== WHAT YOU ARE ASKED TO DO ==
Using the listing below, show all lines that hold the word "Replacement".

= = =

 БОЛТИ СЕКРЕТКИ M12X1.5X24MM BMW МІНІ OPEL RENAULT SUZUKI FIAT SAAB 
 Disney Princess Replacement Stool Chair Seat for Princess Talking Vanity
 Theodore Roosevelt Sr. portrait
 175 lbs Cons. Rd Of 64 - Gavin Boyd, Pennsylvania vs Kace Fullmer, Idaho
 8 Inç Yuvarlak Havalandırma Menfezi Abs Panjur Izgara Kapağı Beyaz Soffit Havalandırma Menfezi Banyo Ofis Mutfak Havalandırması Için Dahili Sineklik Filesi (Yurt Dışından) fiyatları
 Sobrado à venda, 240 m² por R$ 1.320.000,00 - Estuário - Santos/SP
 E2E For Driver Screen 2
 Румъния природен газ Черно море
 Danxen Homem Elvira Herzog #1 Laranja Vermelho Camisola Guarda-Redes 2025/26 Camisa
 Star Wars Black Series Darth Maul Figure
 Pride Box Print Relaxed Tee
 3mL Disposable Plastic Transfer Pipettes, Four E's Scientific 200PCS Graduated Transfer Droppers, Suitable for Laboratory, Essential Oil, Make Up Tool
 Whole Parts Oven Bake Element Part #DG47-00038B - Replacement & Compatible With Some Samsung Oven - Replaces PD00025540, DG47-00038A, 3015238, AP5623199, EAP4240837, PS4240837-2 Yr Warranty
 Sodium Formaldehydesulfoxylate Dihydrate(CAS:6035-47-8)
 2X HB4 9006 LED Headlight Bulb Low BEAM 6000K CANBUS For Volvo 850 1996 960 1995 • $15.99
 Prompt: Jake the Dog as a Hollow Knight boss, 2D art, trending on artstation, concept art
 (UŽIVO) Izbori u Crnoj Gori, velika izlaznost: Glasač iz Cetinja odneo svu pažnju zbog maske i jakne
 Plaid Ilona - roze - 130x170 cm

= = =

== TASK RESPONSE ==
 Disney Princess Replacement Stool Chair Seat for Princess Talking Vanity
 Whole Parts Oven Bake Element Part #DG47-00038B - Replacement & Compatible With Some Samsung Oven - Replaces PD00025540, DG47-00038A, 3015238, AP5623199, EAP4240837, PS4240837-2 Yr Warranty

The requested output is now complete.